Deleting Blocks and Layers
From contributor S:
I don't think it is possible to delete defpoints, as AutoCAD uses it for its own definition points, if I'm right. I agree with the previous posting regarding purging the drawing, which you will find under file and then drawing utilities in the drop down menus from the top of the screen.
Good luck with your venture into AutoCAD from paper - it's worth it, despite the frustrations at first. You'll find this site very valuable for problem solving, philosophical debate on the pros and cons of paper verses CAD, plus a good splash of humor along the way.
From contributor R:
The above is correct as far as normal purging goes. Check to see if the layers are "locked" (that little padlock symbol next to the layer). If so, unlock them, and try purging again.
Are you trying to "delete" the layer using the Format > Layer > Delete command? If so, ACAD won't allow some layers to be deleted, which can be frustrating.

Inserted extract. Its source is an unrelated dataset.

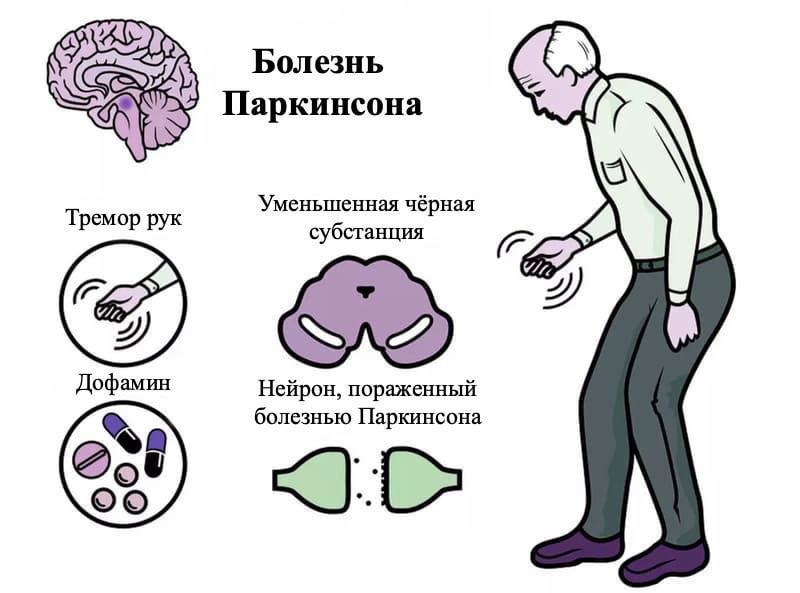 Доктор Мясников назвал 10 признаков болезни Паркинсона - 10 апреля, 2023  Статьи «Кубань 24»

Use either the Layer Manager or the Purge command (type purge) and look at the command line to see what layers are being offered for purging. Also, when I'm presented with this problem, I try exploding the entire drawing, though only as a last resort. Before deleting or purging, make sure that you're only purging layers you're not going to need. I use a third party program called Super Purge that has the option of purging any layer. The only drawback is that once it's purged, it's gone forever. As far as the defpoint layer is concerned, it's not a "default layer" technically. It's only created when the dimension command is invoked. It goes back to the DOS years.
Good luck with your ACAD learning. It can be both interesting and frustrating! If you have questions, post them on this site. This forum is full of helpful and knowledgeable people who've gone through the same problems you're going to have.
From contributor J:
When I receive an architect's drawing with one million layers, the first thing I do is make a copy of it to work with. This way, if I make a mistake, I can always start fresh. I then work inside the arch drawings.
Depending on the situation, this is what I do:
2. In model space, use zoom extents. If the drawing zooms and you can't see any objects that would cause this to happen, there might be some very little objects like points or extremely small text somewhere. If so, use the erase command and window in the empty areas around the main part of the drawing to see if anything gets highlighted, and erase them.
3. Delete all layout tabs (except model) to get rid of any title blocks or unwanted trash in paper space (if applicable).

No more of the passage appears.